That being said, we need to ralize that GW is top dog in the table top War Games world. You want the best, you're going to pay for it.

The thing that really bothered me was the 300% price hike of the greater daemons when they were resculpted in the late 90's/early 2000's by Trish Morrison. Awesome models, but a 300% price hike? 

GW re-did the land raider and it went from a $30 tank to a $50 - $55 tank. 

WTF????


----------



## nobrot (Jan 24, 2007)

You got to think that Gw wants to keep its physical shop presence to keep getting the kids and more importantly there parents, in to get them "hooked" and the money rolling in. A large portion of there income is from there mail order and online but according to there own info the large majority of new customers come in through there doors not online. Its going to be a tough one to manage as there in the same boat as all the other high street stores, the cost to have a physical shop compared to a central store and running the rest online is going o go through the roof in the next few years. With GW wanting to stay where they are they are going to be at a serious disadvantage to the other table top games out there that rely on other stores/online purchases.

The upshot is that sooner or later GW will have to listen to what the players want in the system to keep them buying, might take 300 years but hey


----------



## hephesto (Feb 24, 2007)

Although I like the lotr minis, I can't help but agree that it is causing a lott of problems for GW and our beloved 40K system. The thing I just can't understand is that they say that lotr is experiencing a decline in sales, yet they keep putting out more models and books. The next one is already on the horizon.

GW's rather 'unique view' of marketing and customer services linked with the general bad rep us 'toysoldier'-collectors get isn't helping the sales either.

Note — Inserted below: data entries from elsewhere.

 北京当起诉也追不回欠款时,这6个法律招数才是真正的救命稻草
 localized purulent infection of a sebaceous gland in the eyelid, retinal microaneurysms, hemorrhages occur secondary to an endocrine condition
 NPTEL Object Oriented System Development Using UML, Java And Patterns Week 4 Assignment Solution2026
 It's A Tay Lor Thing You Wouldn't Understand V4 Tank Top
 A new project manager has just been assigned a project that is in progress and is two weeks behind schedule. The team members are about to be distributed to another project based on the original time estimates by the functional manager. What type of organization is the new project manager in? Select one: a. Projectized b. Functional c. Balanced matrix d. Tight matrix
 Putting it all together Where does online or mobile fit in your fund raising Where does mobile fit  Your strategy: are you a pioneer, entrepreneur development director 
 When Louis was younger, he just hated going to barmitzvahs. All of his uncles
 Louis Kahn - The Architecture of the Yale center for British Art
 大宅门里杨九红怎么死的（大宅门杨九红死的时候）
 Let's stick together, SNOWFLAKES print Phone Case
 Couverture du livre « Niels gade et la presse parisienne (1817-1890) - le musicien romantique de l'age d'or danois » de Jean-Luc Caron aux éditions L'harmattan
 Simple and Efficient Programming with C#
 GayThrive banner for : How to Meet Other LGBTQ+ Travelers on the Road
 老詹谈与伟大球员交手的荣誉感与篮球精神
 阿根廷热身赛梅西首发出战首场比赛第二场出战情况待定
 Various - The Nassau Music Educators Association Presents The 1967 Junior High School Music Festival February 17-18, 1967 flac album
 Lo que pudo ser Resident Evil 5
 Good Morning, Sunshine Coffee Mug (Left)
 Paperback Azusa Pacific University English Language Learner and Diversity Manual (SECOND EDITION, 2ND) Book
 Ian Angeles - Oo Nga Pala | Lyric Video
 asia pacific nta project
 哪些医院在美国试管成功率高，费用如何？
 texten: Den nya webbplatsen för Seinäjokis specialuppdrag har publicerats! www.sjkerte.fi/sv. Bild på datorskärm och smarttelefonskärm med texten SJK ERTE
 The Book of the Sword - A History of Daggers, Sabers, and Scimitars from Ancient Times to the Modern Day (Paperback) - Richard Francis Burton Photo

Still I think/hope GW will be around for a least another 20-30 years, lets face it we all moan and complain about the suspicious prize rising but we still buy a lott of their stuff. Now if they only stop with the would 'we need more space marines'-vibe and get some stuff for other races such as Orks and Dark Eldar. I'm a chaos fan and I can't wait for the new dex and models, but I'd be very much willing to just wait another year if Orks and Dark Eldar would come first. Both of those armies deserve the update a lott more than chaos.


----------